Bir tarafta Batı kültürü diğer tarafta Türkler, Araplar, Farisiler, Kürtler,Yahudiler, Azeriler ve Ermeniler gibi birbirinden farklı milletlerin ürünü olan Ortadoğu kültürü. Kitapta farklı başlıklar altında bu etnik kimliklerin hemen hepsinin edebiyatından dikkat çekici örneklerle Batı-Doğu arasındaki ilişkiye yer veriyorsunuz. İncelediğiniz metinlerden yola çıkarak Ortadoğu edebiyatı Batı karşısında potansiyelini ne kadar ortaya koyabiliyor?


Evrensel ölçekli tasavvurlar evrensel hakikatler üretebilirler, ancak onlar gerçekçi olabilirler. Kabul görürler. Globalizm, bir başka deyişle sahte evrenselcilikler etnik ve yerel kültürleri bir savunma refleksi içine soktu ama, gerçek evrenselcilik kaçınılamaz bir ölçüt durumunda görünüyor.Duyguötesi topluma, hatta postinsana yaklaşıyoruz. Kara ütopyacılık yapmak istemem ama, süreç başlamıştır. Heidegger'in ge-Stell dediği öznesi bu yeni uygarlığın hesapçı teknoloji marifetiyle golemleşebilir, insan paradigmasını büsbütün kaybedebiliriz. Klasik Ortadoğu'nun mistisizme boğduğu cömertlik, modernitenin kaba gerçekliğinin unutturduğu yardımlaşma, vicdan, sevgi, vefa, etik bağlılık, züht, hicap, kerem, hilm, kanaat, merhamet, şükür, rıza, zikr, ikrar vb değerler onu dengeleyebilir. Şimdi onları çağdaş verilerle sentezleyecek, sözgelimi canlı cansız doğa hakkını da gözeten değerlerle oluşmuş, sözü kutsayan idealizme kapılmadan gerçeğe sağduyuyla bakıp görebilmemizin imkanı bir edebiyat yeni paradigmayı esinlendirebilir. Adını saydığınız ulusların klasik edebiyatında(Romantik Ortadoğu'nun ikinci cildi Klasik Ortadoğu'da anlatmaya çalıştığımız) en halis hâliyle insan var çünkü. Söz, sözcük, sözce değerlidir ama, özellikle yazılı söz, bu coğrafyada kutsaldır, çünkü, insanları insanlara bağlar. Onu eşref-i mahluk yapacak bir imgesellik ve işlevsellikle yüklüdür. İşte bu edebiyatların yeni zamanlar için yenilenmişi, aynı zamanda yazının sonu ve sözün düşüşü demek olan duyguötesi toplumun panzehiri olabilir.

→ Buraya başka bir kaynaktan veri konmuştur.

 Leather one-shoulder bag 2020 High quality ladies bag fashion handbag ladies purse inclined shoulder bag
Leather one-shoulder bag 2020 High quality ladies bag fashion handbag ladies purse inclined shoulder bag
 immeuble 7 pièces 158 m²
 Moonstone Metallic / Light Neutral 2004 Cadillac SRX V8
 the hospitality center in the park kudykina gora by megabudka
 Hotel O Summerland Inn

BATI EDEBİYATI İSTANBUL ÜZERİNDEN DOĞU'YA KAYDI


İran edebiyatı kitabınızda geniş yer alıyor. Osmanlı›da ve İran›da modern roman 1920›li yıllarda doğmaya başladı. Mısır başta olmak üzere pek çok Arap ülkesindeki edebiyat hareketleri İstanbul ile paralel ilerliyordu. Metin çözümlemelerinden yola çıkarak dilin dışında İran'daki modern edebiyatın seyrini farklı kılan ne?

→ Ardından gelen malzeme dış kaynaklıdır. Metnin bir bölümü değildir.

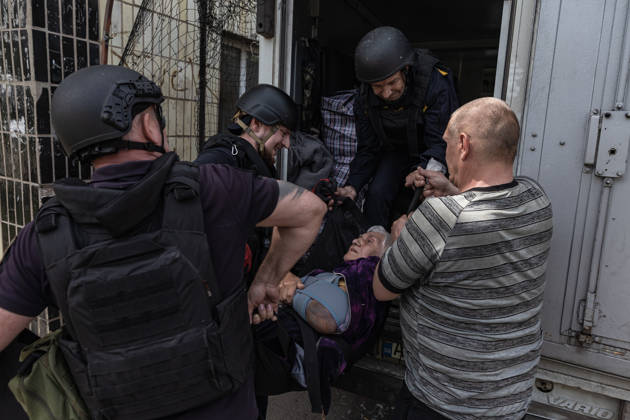 Aftermath of Russian airstrike in Kramatorsk and Druzhkivka DRUZHKIVKA, UKRAINE - MAY 21: Ukrainian emergency services evacuate a woman following ongoing Russian attacks in Druzhkivka, Ukraine, 21 May 2026 Diego Herrera Carcedo Anadolu Druzhkivka Ukraine. Editorial use only. Please get in touch for any other usage.  Copyright: x2026xAnadoluxDiegoxHerreraxCarcedox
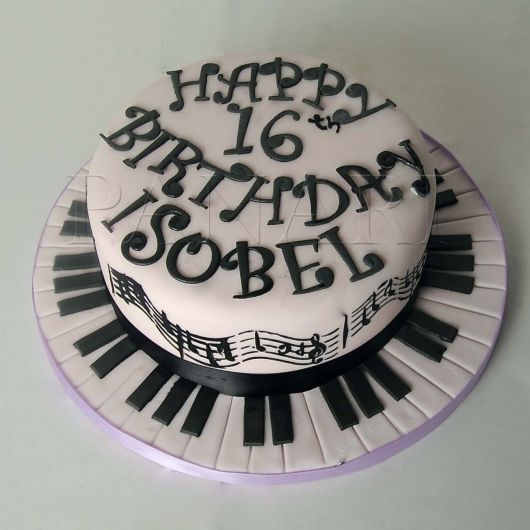 cake-with-musical-notes-folder-ideas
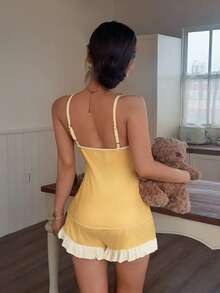 Napfluff Conjunto de pijama de camiseta de tirantes y pantalones cortos con volantes de color contrastante para mujer - Amarillo - Ver 2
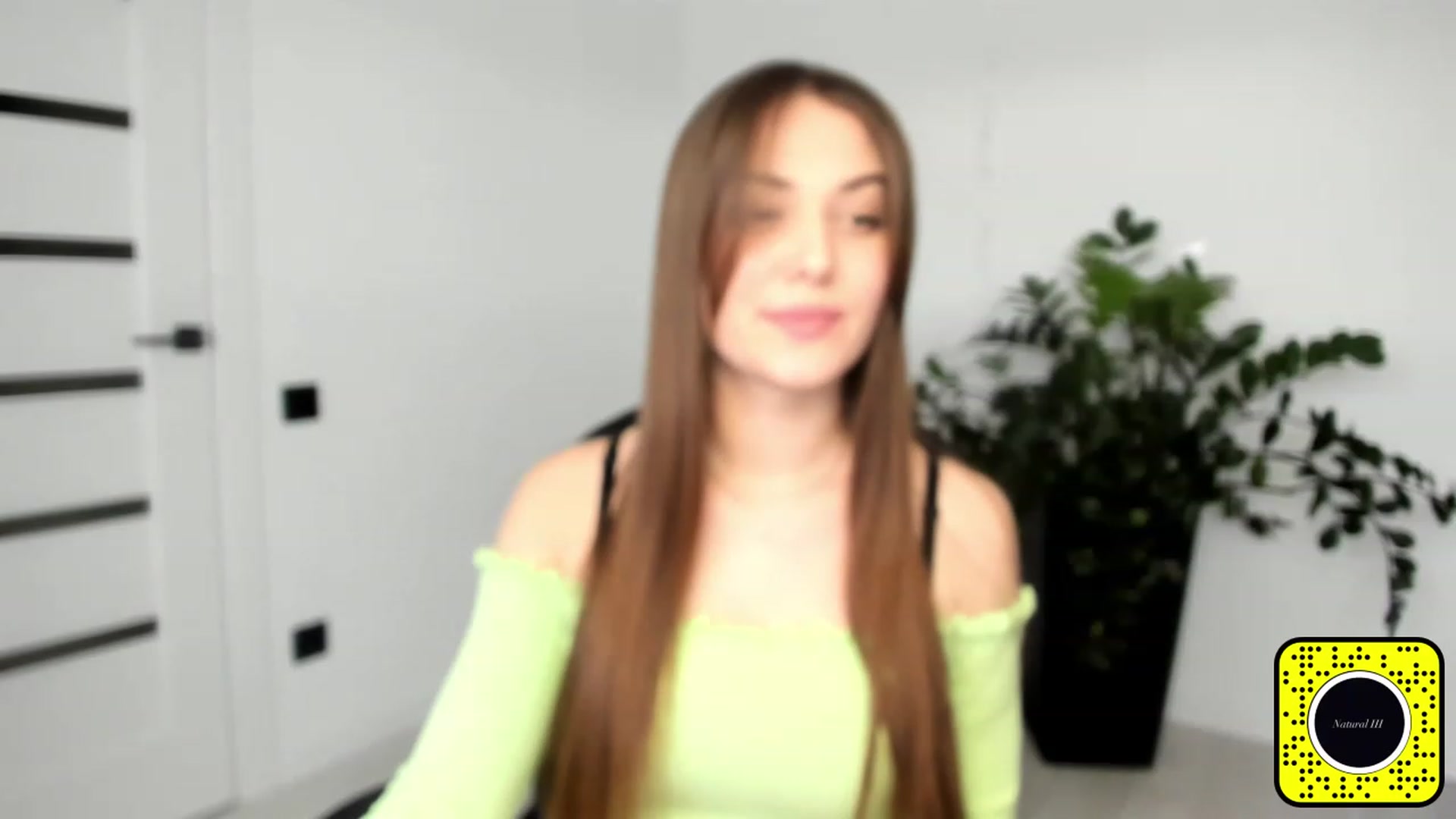 Gallery image thumbnail from SophieeSexxy's myfreecams stream on, 03/08/2023, 14:17 image 2 of 20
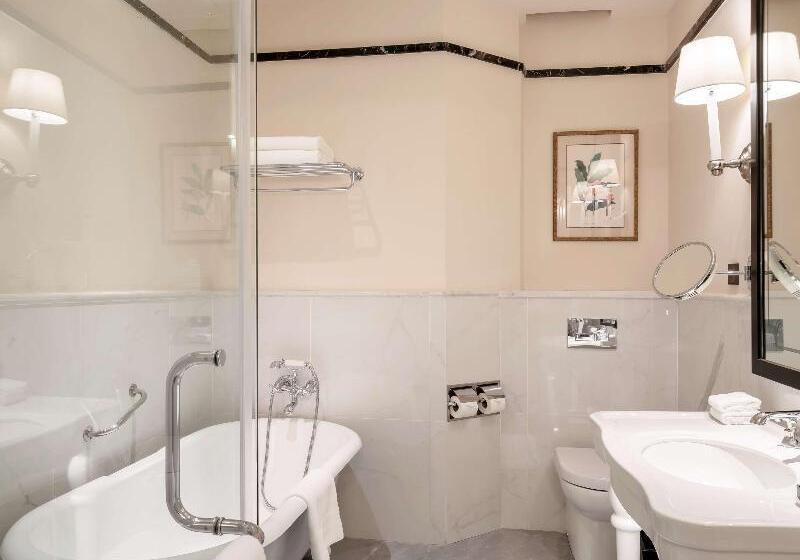 اتاق استاندارد با تخت بزرگ, Raffles Hotel Le Royal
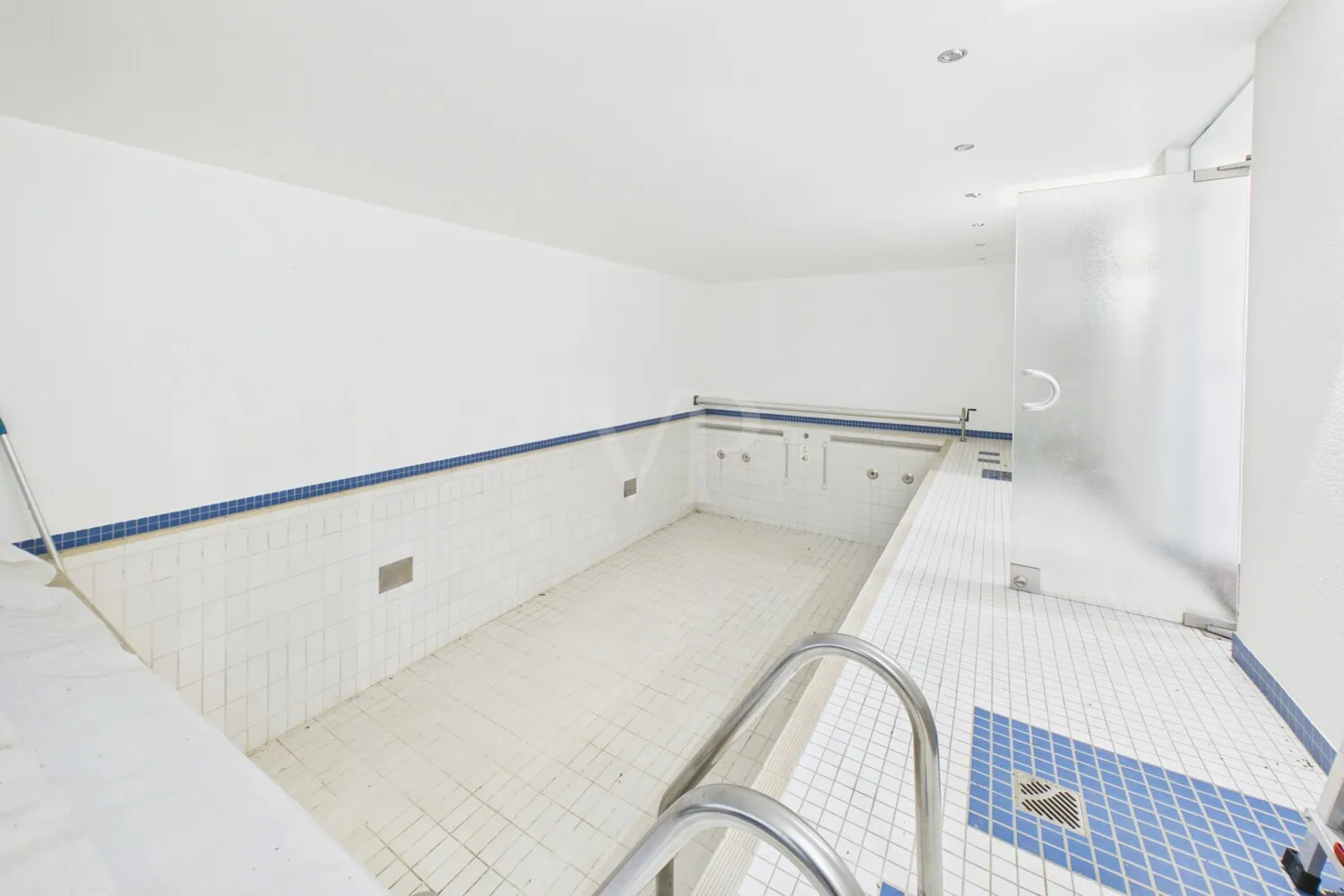 Repräsentative Villa mit parkähnlichem Grundstück am Kobelhang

Ortadoğu edebiyatlarının klasik çağı görkemliydi; kanonik eserleri de Farsça edebiyattaydı. Batıya doğru kopup sel gibi Doğu'ya dönen uygarlık Ortadoğu edebiyatlarına öteki muamelesi yaptı. Avrupa doğaldır ki çekim merkeziydi. En yakınındaki en erken etkilenen olacaktı. Yani Osmanlı'dır ilk muhatap. O nedenle kültürel geçişmeleri ilkin İstanbul'da görülüyor. İran da İstanbul üzerinden ilişki kuruyor Batı'yla. Modern edebiyat üretimi modern türler; çeviri ve taklitlerle başlıyor. Sonra eşzamanlılık kazanıyor. Farsçanın görkemli geçmişi bir avantaj sağlasa da Türkçe edebiyatın daha başarılı olduğunu söyleyebilirim.



Oryantalizmin en çok kullandığı figürlerden biri doğulu kadınlar. Sizde değişik karakterler üzerinden doğu metinlerindeki kadın olgusuna dikkat çektiniz. Fatma Aliye'nin Udi romanındaki Bedia, Mısırlı yazar ihsan Abdulkuddüs'ün Ve Nesiytu Enni İmra›sındaki Suad ,Mehmet Rauf'un Genç Kız Kalbi romanındaki Pervin gibi birbirinden farklı kadın karakterleri ele aldınız. Ortadoğu romanlarındaki kadın kahramanların pek çok ortak paydası var peki onları ayrıştıran en belirgin özellikler neler?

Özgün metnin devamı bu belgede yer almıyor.